The social-network is reportedly sidestepping traditional IT suppliers by using low-cost manufacturers for some of its storage gear to save on money and help it scale.
Written by Jack Clark, Contributor

Facebook's divorce from traditional IT companies has taken another step with the news that the social network is going straight to Asian manufacturing companies for some of its storage gear.

The company has plans to out-source the manufacturer of some of its storage products to Taiwan-based original device manufacturers like Quanta Computer and Wistron, Digitimes reported on 2 January (subscription required).

Facebook told ZDNet in September that it uses Wistron subsidiary Wiwynn along with Quanta for the production of some of its stripped-down Open Compute servers, and hinted that storage would be next to be outsourced.

Put this together with the Digitimes report and it is possible that Quanta and Wistron could be bidding to manufacture Facebook's low-cost 'Open Vault' storage array.

By sidestepping traditional enterprise IT companies like HP, Dell and IBM, any sufficiently large company can get IT gear cheaper if they go straight to the production source. All of Google's servers and 30 percent of Amazon's are made by Asian companies, Digitimes reported.

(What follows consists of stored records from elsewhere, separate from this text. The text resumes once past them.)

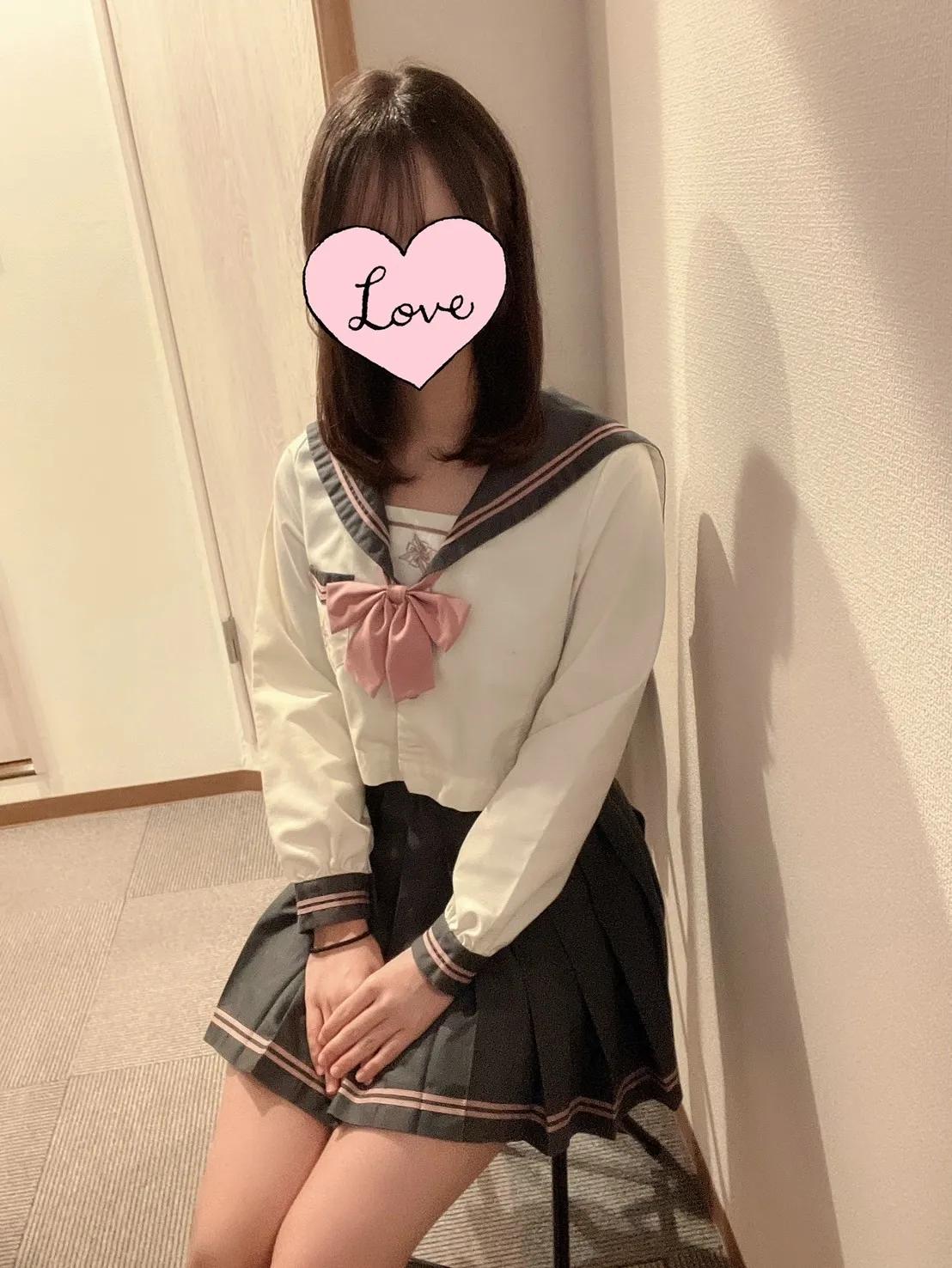 つきの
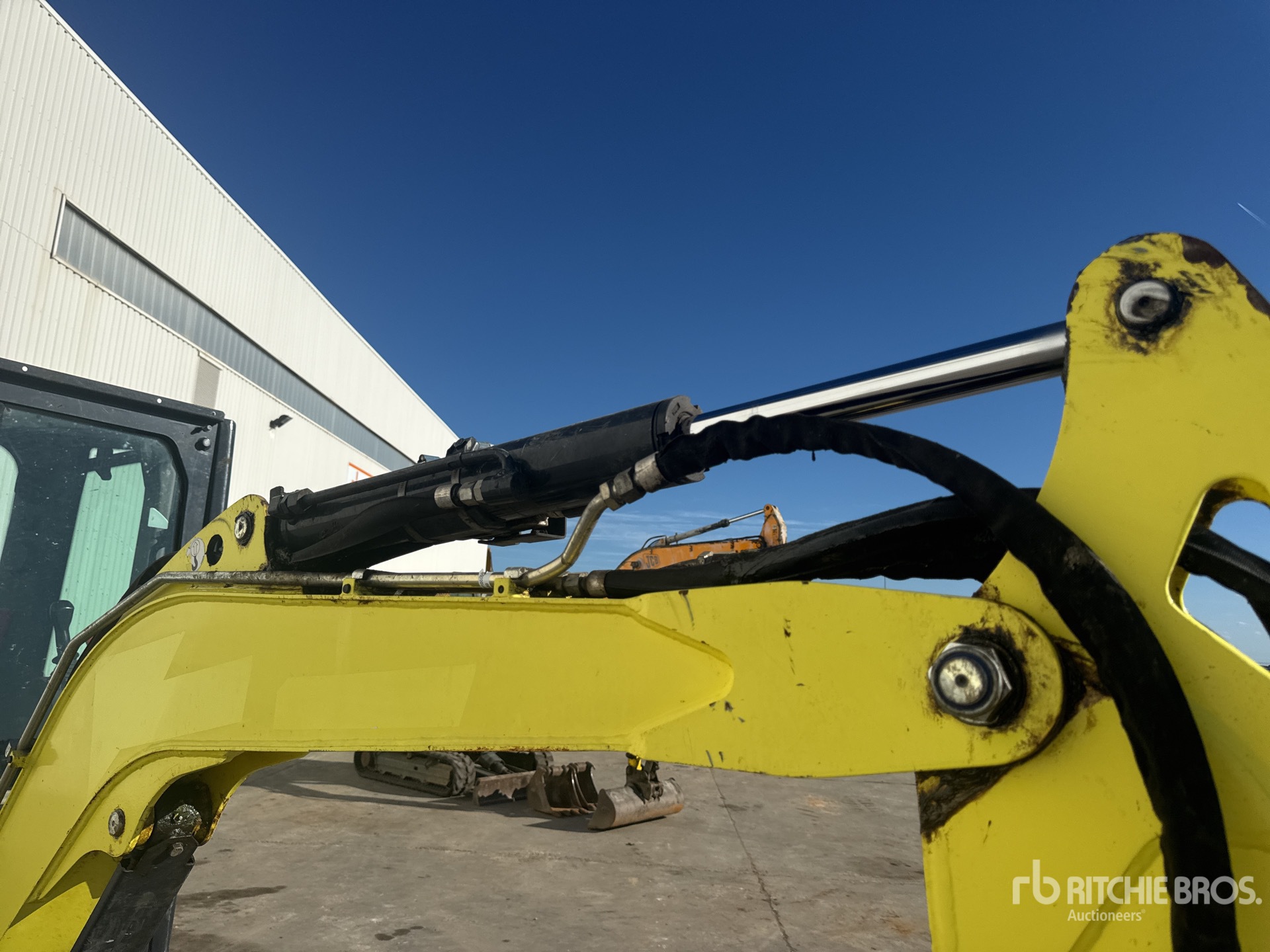 2022 Ammann AMX25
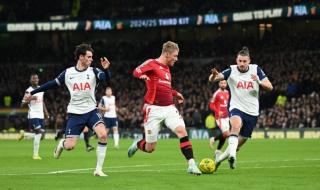 الفرق المتأهلة لنصف نهائي كأس كاراباوالجمعة 20/ديسمبر/2024 - 12:22 ص
وتأهل الرباعي أرسنال وليفربول ونيوكاسل يونايتد وتوتنهام إلى دور نصف النهائي لبطولة كأس الرابطة المحترفة.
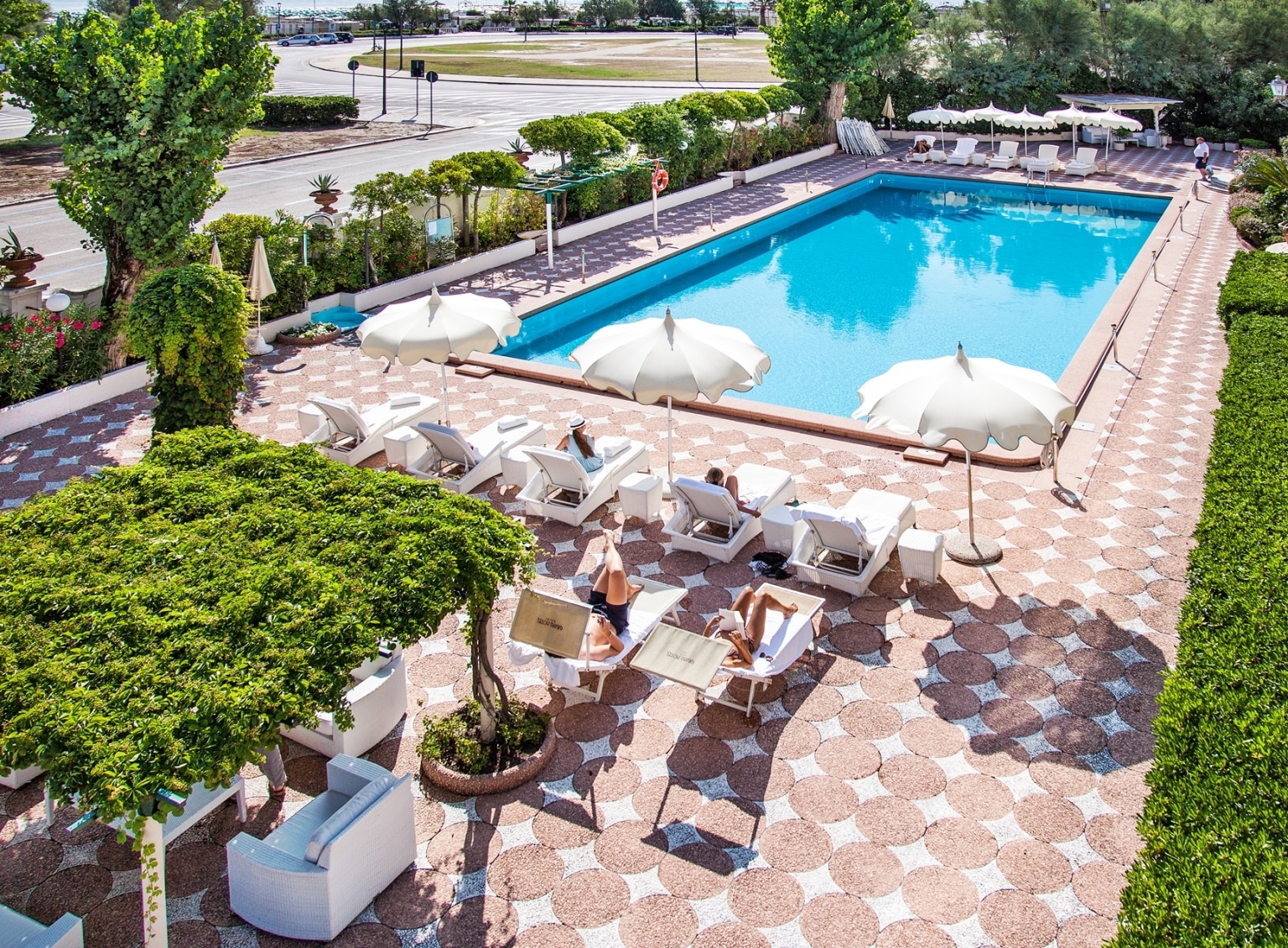 Emilia Romagna Grand Hotel Rimini Meer Obere Adria Strand Sand Stadt Pool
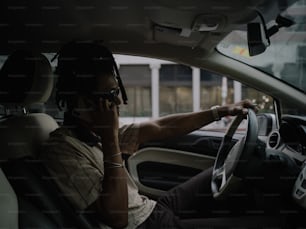 um homem dirigindo um carro enquanto fala em um telefone celular
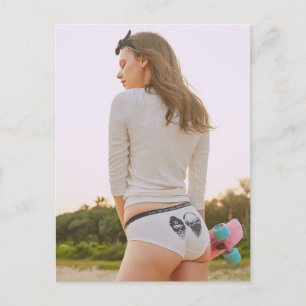 Underkläder av Cute Skater Girl modell Postcard Vykort
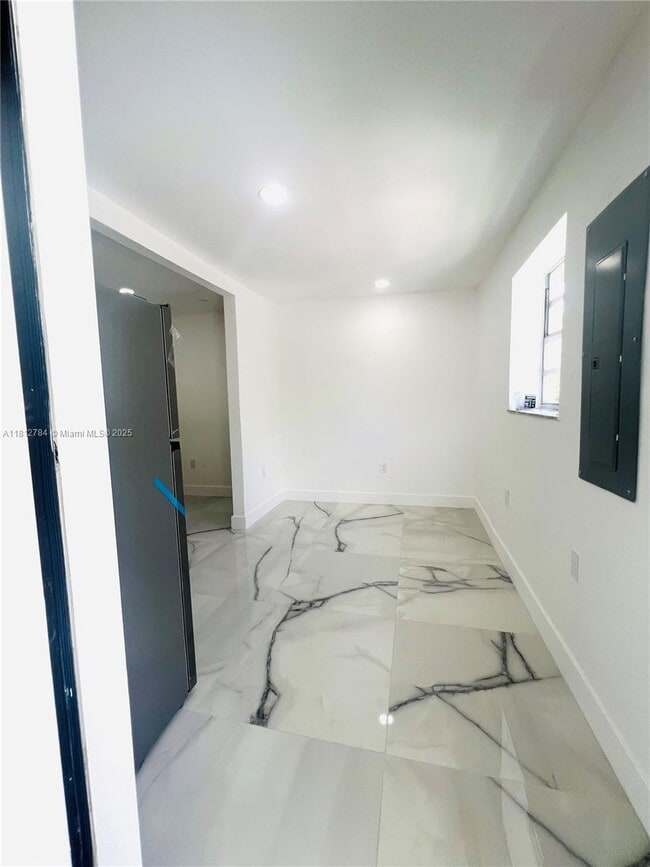 Building Photo - 15530 SW 295th Terrace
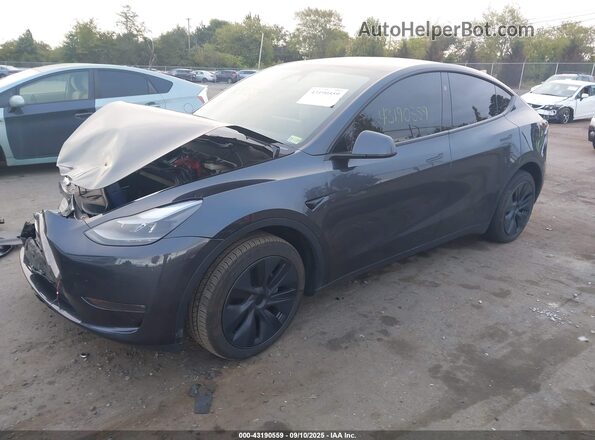 7SAYGDEE7SA346643 2025 TESLA MODEL Y Gray Vista tres cuartos delantera izquierda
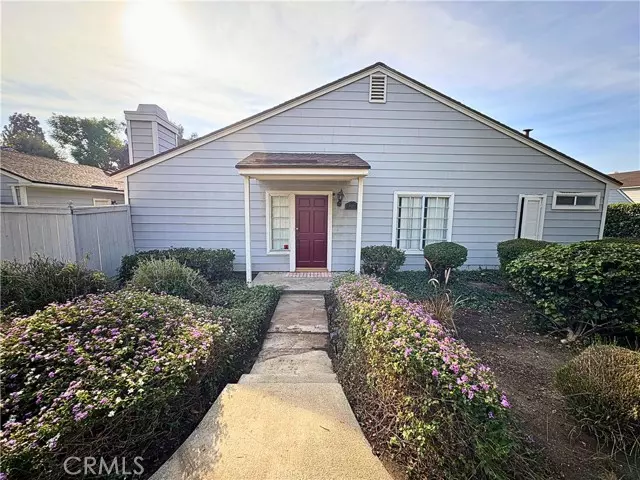 1683 N Mountain A, Upland, CA 91784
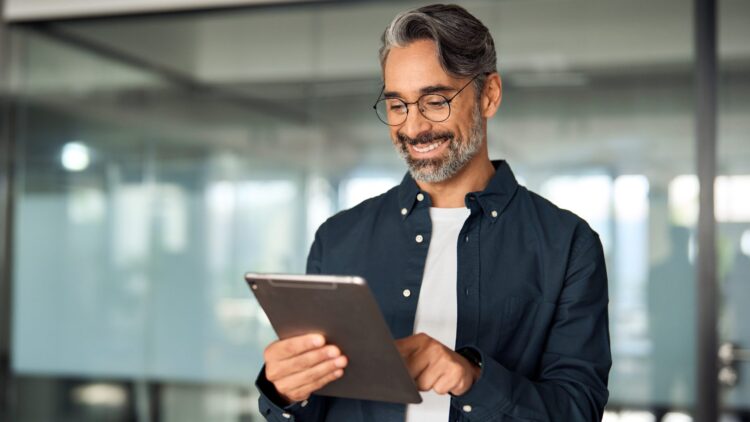 Más allá de la reducción de la jornada laboral: estos son los nuevos derechos laborales que nos trae el 2025 1 jornada laboral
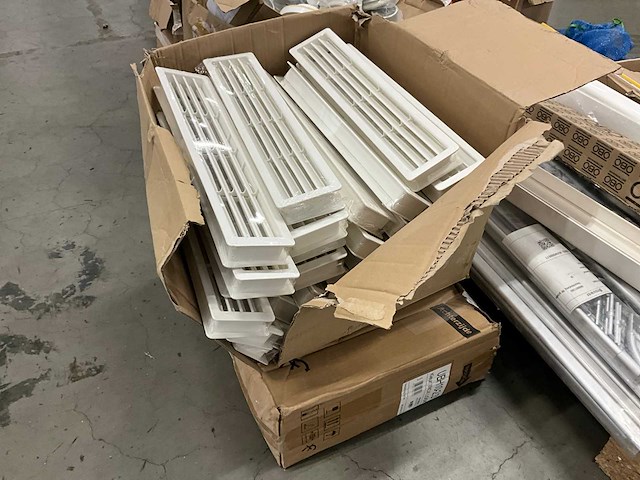 Partij luchtbehandelings installatiematerialen - afbeelding 7 van  8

This shift is already having serious repercussions for OEMs, with recent Gartner figures showing that over the past three years traditional server companies have had trouble preserving their market share by units shipped, while low-cost Asian manufacturers have dramatically grown theirs

But as with any commoditised business, much of the money to be made in servers and storage is in software, rather than hardware. For this reason major OEMs like IBM still take the lion's share of revenues by using their hardware as a Trojan horse for huge families of lucrative software.